Since the eighteenth century, we also have learned that human behaviour in the presence of scarcity follows fairly regular patterns which can be studied and explained, and the consequences of which go beyond what the uneducated observer might at first glance perceive. Certainly, the economic interactions in which most people engage today are considerably more complicated than those in which the average individual engaged in the eighteenth century, yet the insights inherited from the founders of modern economics remain valuable. Loyal to this early heritage, our purpose is to investigate and help the reader to understand the key categories of economic actions, in all of their complexity: savings, consumption, production, competition, regulation, money, specialisation, currency trade, and booms and busts. As the reader will see, economic actions can be explained by individuals’ efforts to improve their conditions, and the process through which they strive to reach their goals has always been a matter of opportunity costs, a synonym for exchange driven by choice.

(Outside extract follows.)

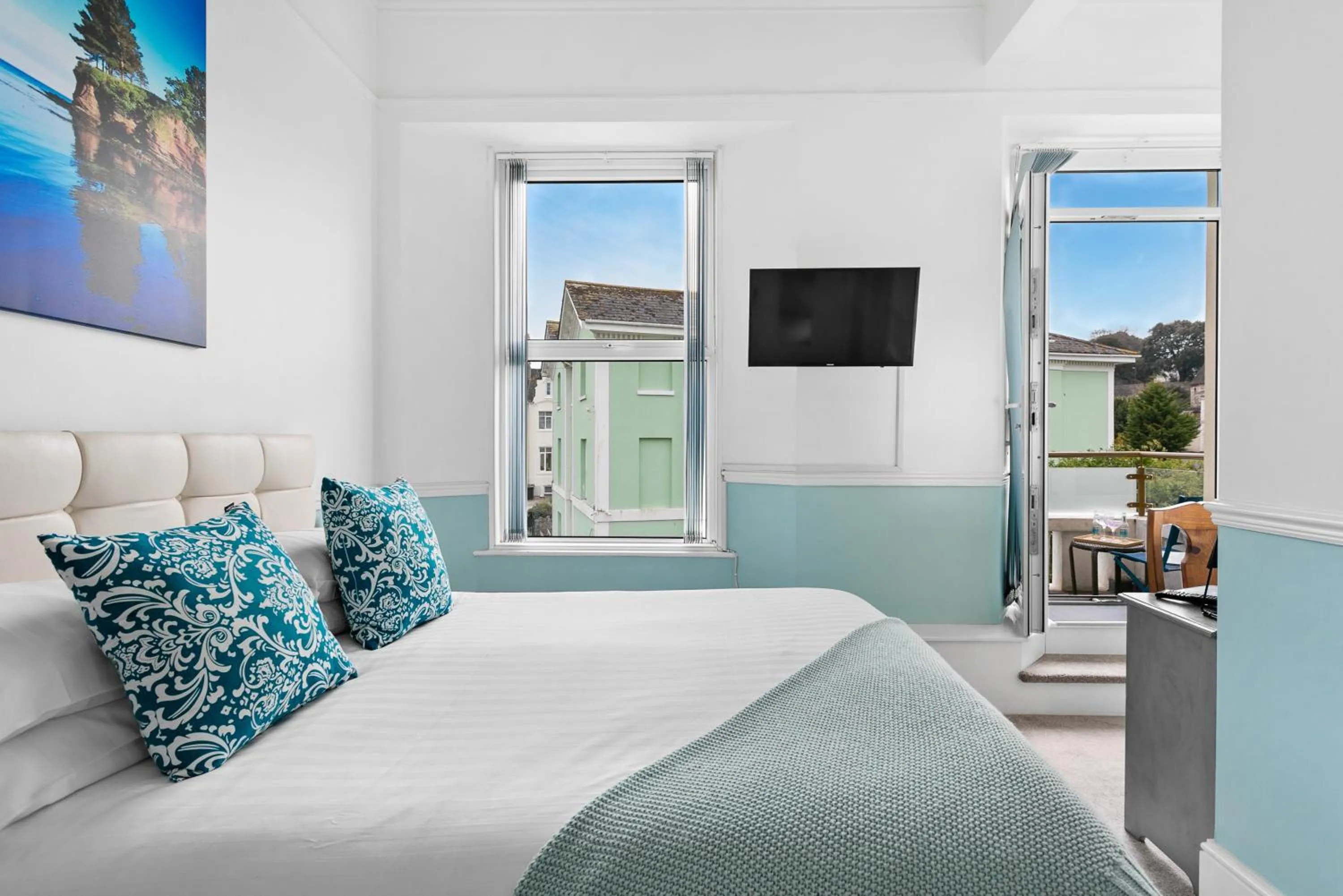 Bedroom, Bed in The Cimon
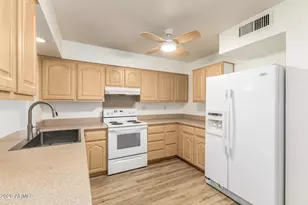 10907 W Thunderbird Blvd, Sun City, AZ 85351 - Photo 23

The purpose of The Economics You Need is to guide the reader through this journey into the world of economic thinking, a world which can appear complicated, but which need not be hopelessly complex. With the aim of untangling some of these complexities, we have done our best to keep our story simple, but not simplistic. This explains why the reader will find no maths and no footnotes, and only a few straightforward figures. Thus, no previous technical skills are required to understand the ideas developed in these pages. Since we have preferred to give priority to the fundamental concepts and mechanisms that characterise the economic mental framework, we have made use of simple examples to illustrate the passages that are less intuitive. Hence, we have avoided lengthy references to the complex situations that characterise the real world, situations that would have forced us to engage in lengthy digressions, and that would have certainly necessitated risky forays into other disciplines. Likewise, we have also decided to avoid the debates regarding the goals and nature of economic policy-making, because these debates lie beyond economics, strictly speaking. In other words, this book will help the reader learn how economists think and what kind of tools they use. Evaluating the merits of choice and the desirability of the results is clearly important, but it is an entirely different exercise, and should not be confused with economics. Economics explains and is a value-free science.
The lessons in this book will also train the reader to resist a variety of common temptations. He or she will learn that economics is not an exact science, and that economists have no magic wands. When mechanics or scientific formulae are applied to human interaction, disaster can easily follow. Thus, prudence is in order: a good economist is one who uses common sense, asks the appropriate questions, realises that many phenomena are too complex to be explained by the right equation or the right model, and thus, that he must be open to the suggestions offered by other disciplines – history, psychology, philosophy and political science. Moreover, he will also recognise that human beings are neither clones nor angels, and that when unfettered human interaction fails to provide a desirable answer to an economic problem, resorting to government intervention is not necessarily the best solution. Policy-makers are also human beings: they are fallible, they respond to the incentives generated by the world of politics, and sometimes they are less altruistic than might be desirable.
That said, our efforts to clarify and simplify economic processes have not come at the cost of rigour. Although economics is not a hard science, its essence is logical consistency and its arguments depend upon precise usage of terminology, because ambiguity leads to confusion and contributes to blurring the essence of the concepts. Rigour is therefore necessary, in terms of content and of organisation. With regard to content, our quest for rigour explains why we offer the reader a method that can be applied more or less systematically. With regard to organisation, rigour means, for example, that the analysis of price formation must be preceded by the study of demand and supply; and that the origin and nature of the business cycle is unintelligible without previous knowledge of how individuals can act rationally and yet fall victim to systematic mistakes. Thus, our chapters follow a traditional sequence: after an introduction to some preliminary methodological issues, we deal with consumers’ behaviour and the world of production (Chapters 2–4); we then move on to studying the interaction between consumers and producers in Chapter 5 (market structure), the features of government action in Chapters 6 and 7 (taxation, regulation and money), and we conclude by examining the interaction among different countries (international trade and exchange rates) and the long-run picture (growth, poverty and crises).
The Economics You Need offers an agile and easy-to-read account of what economics is and of how problems should be framed following the economic way of reasoning; our inquiry into these matters is enriched by offering the reader provocative thinking and new insights into current and relatively well-known topics. It is hoped that it will provide readers with a deep enough knowledge of the key economic concepts and issues that they will be able to analyse the world around them with more discerning eyes, reframing ideas and debates within a consistent economic perspective and eventually forming their own visions.